PROBLEM DETAILS –
If a line comes after the one containing "MADEWELL Willa Calf", leave it out; copy every line before it, and that line too, exactly as written, starting from the first line of the entries.
- - -
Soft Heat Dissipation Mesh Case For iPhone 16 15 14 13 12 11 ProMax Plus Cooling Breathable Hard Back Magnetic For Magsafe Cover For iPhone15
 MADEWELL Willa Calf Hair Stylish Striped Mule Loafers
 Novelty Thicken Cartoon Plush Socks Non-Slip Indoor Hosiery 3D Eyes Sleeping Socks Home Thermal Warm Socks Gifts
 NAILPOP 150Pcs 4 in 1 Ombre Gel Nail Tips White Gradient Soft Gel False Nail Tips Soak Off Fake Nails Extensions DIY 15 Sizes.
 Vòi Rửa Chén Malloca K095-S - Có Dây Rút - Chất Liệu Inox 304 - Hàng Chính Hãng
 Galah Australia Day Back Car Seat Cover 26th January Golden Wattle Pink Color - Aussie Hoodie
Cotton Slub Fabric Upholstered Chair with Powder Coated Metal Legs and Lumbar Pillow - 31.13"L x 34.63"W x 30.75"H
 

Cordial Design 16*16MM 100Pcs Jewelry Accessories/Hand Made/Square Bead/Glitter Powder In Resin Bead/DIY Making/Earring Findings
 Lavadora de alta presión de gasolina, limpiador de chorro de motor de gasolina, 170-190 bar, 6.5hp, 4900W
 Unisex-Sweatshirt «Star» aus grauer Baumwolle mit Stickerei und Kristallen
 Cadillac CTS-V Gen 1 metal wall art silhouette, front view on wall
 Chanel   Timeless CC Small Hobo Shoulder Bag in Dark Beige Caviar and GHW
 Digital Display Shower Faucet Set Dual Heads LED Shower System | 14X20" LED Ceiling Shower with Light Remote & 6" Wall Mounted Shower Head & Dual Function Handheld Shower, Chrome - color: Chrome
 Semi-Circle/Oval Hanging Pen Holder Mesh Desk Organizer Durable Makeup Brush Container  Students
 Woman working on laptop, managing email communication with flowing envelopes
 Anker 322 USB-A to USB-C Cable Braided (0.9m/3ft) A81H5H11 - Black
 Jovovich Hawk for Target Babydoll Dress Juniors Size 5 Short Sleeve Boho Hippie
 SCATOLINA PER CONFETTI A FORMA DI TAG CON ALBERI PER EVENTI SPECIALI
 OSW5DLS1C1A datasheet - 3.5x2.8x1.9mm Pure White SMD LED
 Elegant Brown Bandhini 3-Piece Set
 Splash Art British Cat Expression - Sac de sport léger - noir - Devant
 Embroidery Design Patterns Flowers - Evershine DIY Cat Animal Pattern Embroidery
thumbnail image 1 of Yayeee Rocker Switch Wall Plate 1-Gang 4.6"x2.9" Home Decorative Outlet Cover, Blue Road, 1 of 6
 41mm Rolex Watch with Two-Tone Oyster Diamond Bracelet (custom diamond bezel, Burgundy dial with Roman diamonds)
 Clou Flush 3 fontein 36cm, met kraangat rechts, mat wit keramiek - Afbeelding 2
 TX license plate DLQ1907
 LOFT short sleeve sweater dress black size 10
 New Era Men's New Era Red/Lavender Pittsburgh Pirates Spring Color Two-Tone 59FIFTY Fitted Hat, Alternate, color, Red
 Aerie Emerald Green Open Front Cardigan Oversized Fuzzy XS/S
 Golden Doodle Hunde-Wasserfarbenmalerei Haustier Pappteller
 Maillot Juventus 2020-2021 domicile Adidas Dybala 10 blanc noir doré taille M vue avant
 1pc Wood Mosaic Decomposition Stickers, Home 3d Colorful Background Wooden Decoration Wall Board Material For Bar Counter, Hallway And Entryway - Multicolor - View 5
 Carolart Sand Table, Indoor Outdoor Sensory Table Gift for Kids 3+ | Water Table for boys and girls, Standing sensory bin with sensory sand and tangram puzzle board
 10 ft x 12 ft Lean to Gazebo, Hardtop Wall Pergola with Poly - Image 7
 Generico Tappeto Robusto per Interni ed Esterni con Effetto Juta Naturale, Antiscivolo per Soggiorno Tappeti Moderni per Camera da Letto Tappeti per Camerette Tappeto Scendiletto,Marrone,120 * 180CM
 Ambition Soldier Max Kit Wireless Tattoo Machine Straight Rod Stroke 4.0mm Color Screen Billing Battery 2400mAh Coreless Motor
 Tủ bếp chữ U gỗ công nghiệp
- - -
TASK ANSWER –
Soft Heat Dissipation Mesh Case For iPhone 16 15 14 13 12 11 ProMax Plus Cooling Breathable Hard Back Magnetic For Magsafe Cover For iPhone15
 MADEWELL Willa Calf Hair Stylish Striped Mule Loafers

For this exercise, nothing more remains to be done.